* Directions for this task:
Give back the whole listing below exactly.

* Information shown:
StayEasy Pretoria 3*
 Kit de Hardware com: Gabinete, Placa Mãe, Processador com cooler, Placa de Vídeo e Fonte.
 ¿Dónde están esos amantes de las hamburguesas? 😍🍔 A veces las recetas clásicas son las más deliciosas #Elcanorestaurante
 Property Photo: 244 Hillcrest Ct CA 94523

* Completed exercise:
StayEasy Pretoria 3*
 Kit de Hardware com: Gabinete, Placa Mãe, Processador com cooler, Placa de Vídeo e Fonte.
 ¿Dónde están esos amantes de las hamburguesas? 😍🍔 A veces las recetas clásicas son las más deliciosas #Elcanorestaurante
 Property Photo: 244 Hillcrest Ct CA 94523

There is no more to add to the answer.